Here's the thing. Trumps style and character invigorated people. It was both a feature and a flaw. He was equivalent to a Hockey goon sent in to do much needed damage. Aggressive, relentless, and productive.
But without the style of Trump you simply can't get people out to vote. You can't get people excited for corporate tax breaks and deregulation without a populist appeal to offset the obvious negatives.
And dems are literally the majority of the country and winning the culture war by being decades ahead of the game.
The republican party is done. Witness the death throes. This is literally it.
I think Trump traced a path, though. And by the way, there was a somewhat worldwide turn to populism. Boris Johnson, Bolsonaro, Duterte, Obrador is also a populist even if from the left, Le Pen lost but had a strong showing, and even China put a more populist macho dude in charge with Xi.
The era of the polite politician with a well rehearsed discourse is over, relegated maybe to the role of vice president, see Pence.

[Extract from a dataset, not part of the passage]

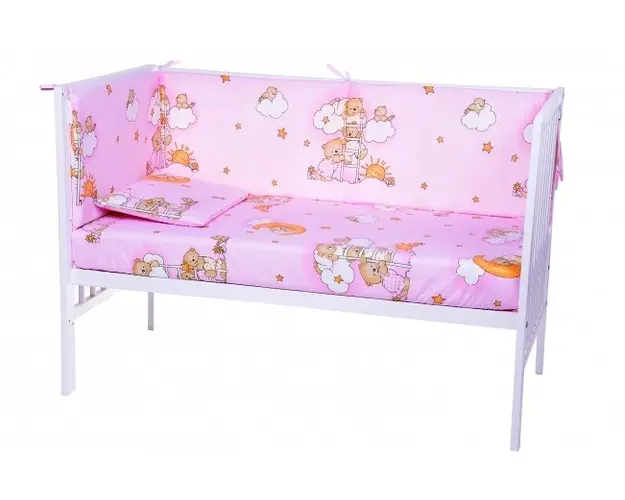Lenjerie patut cu 4 piese 120x60 cm Urs pe scara roz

Of course, Trump still (it seems) lost, but dude was terrible in everything else. If he was just a little more articulate and more competent he would've won as the results show, it was close. If he hadn't alienated old people in Arizona he would likely be reelected, for example. If he didn't talk stuff such as injecting Lysol he may have earned enough votes to keep Pennsylvania.
My take, for the GOP, is that they should find a Trump 2.0, smarter and younger, and focus on areas with lower levels of education such as Latino voters in Florida with some good ol' Latin American style populism. I think they would have a chance of flipping, in the long run, Arizona, New Mexico and maybe even in the real long term California, while keeping Florida, Texas, Georgia. That strategy would be hopeless in places like Vermont.